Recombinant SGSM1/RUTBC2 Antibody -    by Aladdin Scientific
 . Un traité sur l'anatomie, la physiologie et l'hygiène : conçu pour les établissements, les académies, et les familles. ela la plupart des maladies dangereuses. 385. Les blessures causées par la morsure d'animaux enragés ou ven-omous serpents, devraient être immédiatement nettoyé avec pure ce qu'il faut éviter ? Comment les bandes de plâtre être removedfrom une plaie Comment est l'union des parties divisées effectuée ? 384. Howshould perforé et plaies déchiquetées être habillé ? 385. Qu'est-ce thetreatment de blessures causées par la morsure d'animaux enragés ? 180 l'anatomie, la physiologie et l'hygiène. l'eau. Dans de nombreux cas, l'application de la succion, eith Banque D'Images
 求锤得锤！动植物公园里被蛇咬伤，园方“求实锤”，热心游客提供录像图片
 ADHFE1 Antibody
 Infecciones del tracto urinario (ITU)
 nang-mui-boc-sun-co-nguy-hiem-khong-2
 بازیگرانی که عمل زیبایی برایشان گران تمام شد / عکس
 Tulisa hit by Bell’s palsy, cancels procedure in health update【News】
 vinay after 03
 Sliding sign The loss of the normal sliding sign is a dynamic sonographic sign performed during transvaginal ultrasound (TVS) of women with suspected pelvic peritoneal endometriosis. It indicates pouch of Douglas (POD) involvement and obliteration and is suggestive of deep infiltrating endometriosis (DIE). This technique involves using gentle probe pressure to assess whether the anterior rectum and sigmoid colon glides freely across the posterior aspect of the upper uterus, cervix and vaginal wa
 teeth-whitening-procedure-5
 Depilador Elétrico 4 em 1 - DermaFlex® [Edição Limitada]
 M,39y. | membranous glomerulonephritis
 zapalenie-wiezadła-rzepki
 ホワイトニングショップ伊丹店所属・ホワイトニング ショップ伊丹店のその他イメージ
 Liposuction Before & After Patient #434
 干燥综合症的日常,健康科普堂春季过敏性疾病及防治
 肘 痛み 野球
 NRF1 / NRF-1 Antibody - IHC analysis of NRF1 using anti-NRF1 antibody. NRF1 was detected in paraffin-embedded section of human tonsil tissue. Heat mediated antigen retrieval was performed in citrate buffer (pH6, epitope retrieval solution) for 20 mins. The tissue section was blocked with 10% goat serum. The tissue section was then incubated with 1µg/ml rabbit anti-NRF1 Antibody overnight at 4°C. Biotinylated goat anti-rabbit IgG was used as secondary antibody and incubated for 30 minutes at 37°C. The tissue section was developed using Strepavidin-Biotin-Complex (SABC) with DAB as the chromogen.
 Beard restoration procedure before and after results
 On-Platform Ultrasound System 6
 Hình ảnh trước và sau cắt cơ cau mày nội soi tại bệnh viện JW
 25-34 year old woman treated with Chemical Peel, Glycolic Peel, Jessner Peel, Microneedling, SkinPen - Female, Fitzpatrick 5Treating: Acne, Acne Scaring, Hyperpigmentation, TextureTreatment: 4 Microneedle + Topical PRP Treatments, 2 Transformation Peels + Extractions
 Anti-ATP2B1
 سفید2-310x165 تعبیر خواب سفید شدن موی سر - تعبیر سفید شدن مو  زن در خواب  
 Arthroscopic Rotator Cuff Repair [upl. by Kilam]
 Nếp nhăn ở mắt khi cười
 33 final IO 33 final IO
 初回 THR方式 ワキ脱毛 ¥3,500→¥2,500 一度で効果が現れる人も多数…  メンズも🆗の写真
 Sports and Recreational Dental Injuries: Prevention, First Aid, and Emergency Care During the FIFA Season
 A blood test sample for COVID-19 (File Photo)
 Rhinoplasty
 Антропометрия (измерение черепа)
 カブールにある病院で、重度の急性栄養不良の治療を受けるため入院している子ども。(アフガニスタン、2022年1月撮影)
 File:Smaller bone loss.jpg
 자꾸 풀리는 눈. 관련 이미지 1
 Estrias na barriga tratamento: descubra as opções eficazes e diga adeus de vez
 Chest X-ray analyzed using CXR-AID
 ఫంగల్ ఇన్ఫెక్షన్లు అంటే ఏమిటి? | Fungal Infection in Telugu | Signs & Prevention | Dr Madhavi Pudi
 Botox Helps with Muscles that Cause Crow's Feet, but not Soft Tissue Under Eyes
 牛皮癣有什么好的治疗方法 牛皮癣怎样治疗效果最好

----

> Problem:
Starting at the line where "Антропометрия (измерение черепа)" appears, write out every line exactly as it stands until the listing ends, and add nothing.

> Expected answer:
 Антропометрия (измерение черепа)
 カブールにある病院で、重度の急性栄養不良の治療を受けるため入院している子ども。(アフガニスタン、2022年1月撮影)
 File:Smaller bone loss.jpg
 자꾸 풀리는 눈. 관련 이미지 1
 Estrias na barriga tratamento: descubra as opções eficazes e diga adeus de vez
 Chest X-ray analyzed using CXR-AID
 ఫంగల్ ఇన్ఫెక్షన్లు అంటే ఏమిటి? | Fungal Infection in Telugu | Signs & Prevention | Dr Madhavi Pudi
 Botox Helps with Muscles that Cause Crow's Feet, but not Soft Tissue Under Eyes
 牛皮癣有什么好的治疗方法 牛皮癣怎样治疗效果最好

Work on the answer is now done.